Omit all pictures, and print word for word only the lines from the one containing "Pneu Vélo Schwalbe" through the end of the data.

• _SUPPLIED MATERIAL_
###

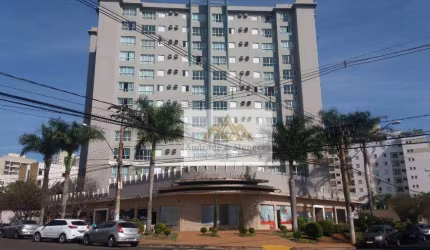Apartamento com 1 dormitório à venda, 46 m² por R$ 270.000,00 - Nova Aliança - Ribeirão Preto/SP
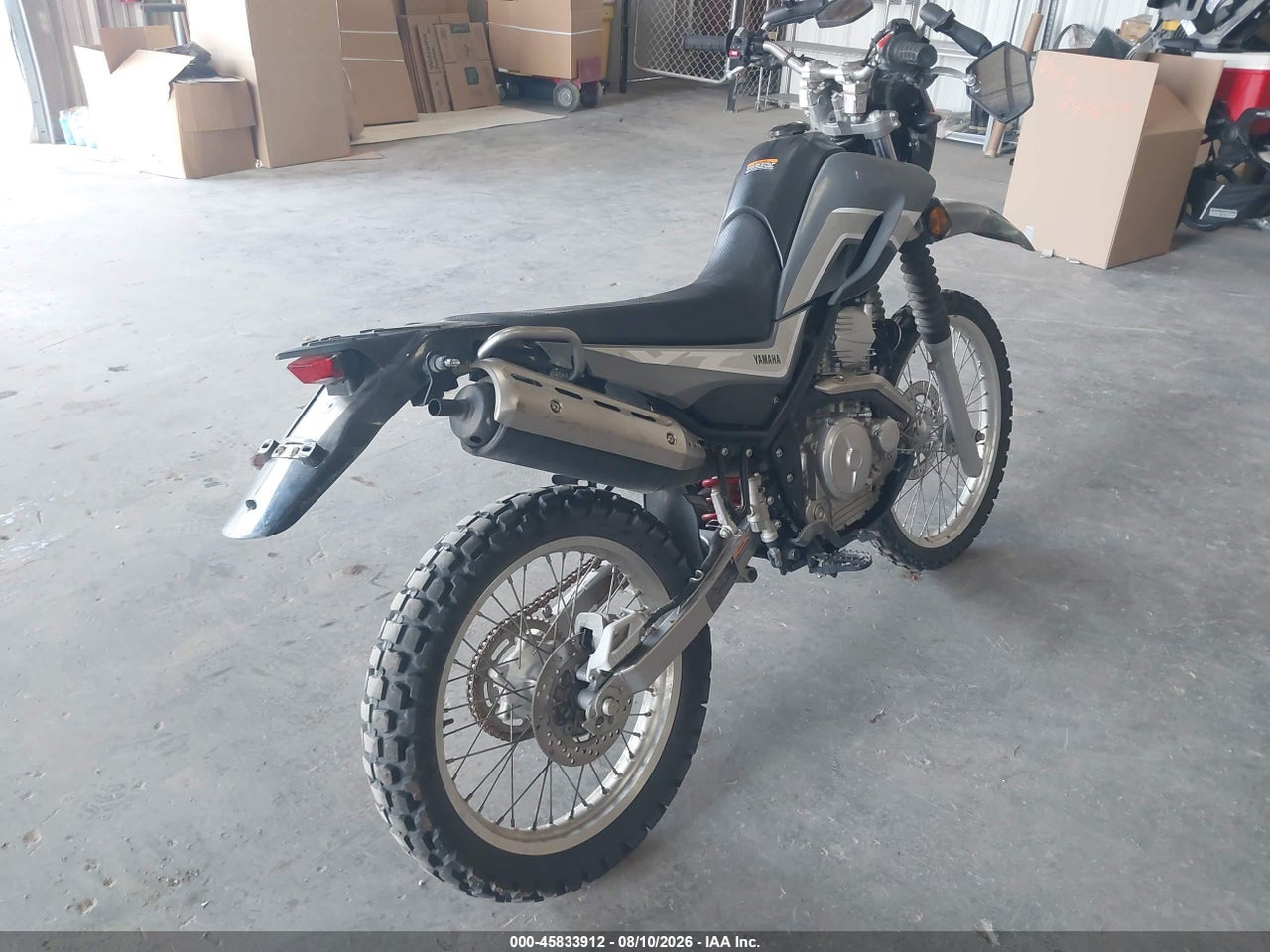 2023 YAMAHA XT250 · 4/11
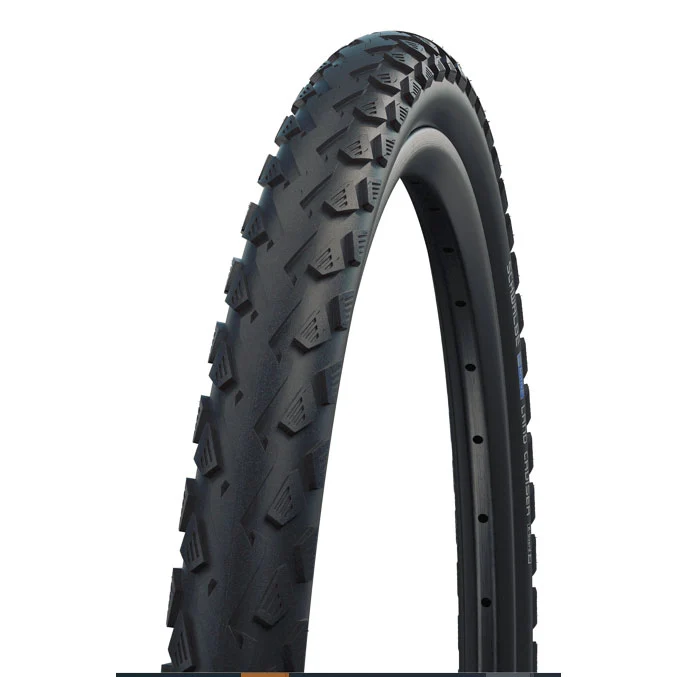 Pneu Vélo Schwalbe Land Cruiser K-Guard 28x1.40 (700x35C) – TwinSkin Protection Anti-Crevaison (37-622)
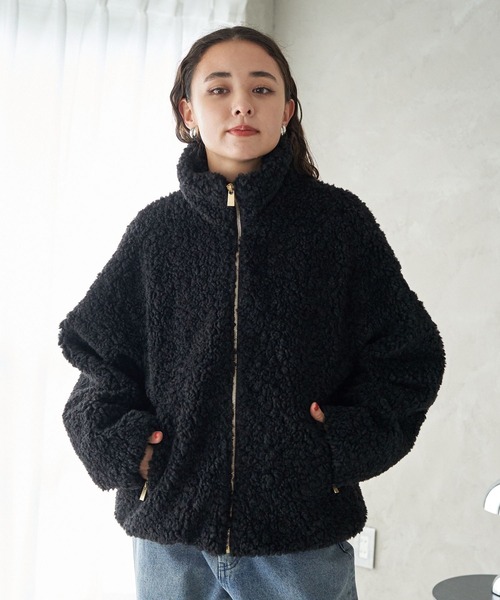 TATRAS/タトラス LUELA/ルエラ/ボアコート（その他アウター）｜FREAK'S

###

• _YOUR SOLUTION_
 Pneu Vélo Schwalbe Land Cruiser K-Guard 28x1.40 (700x35C) – TwinSkin Protection Anti-Crevaison (37-622)
 TATRAS/タトラス LUELA/ルエラ/ボアコート（その他アウター）｜FREAK'S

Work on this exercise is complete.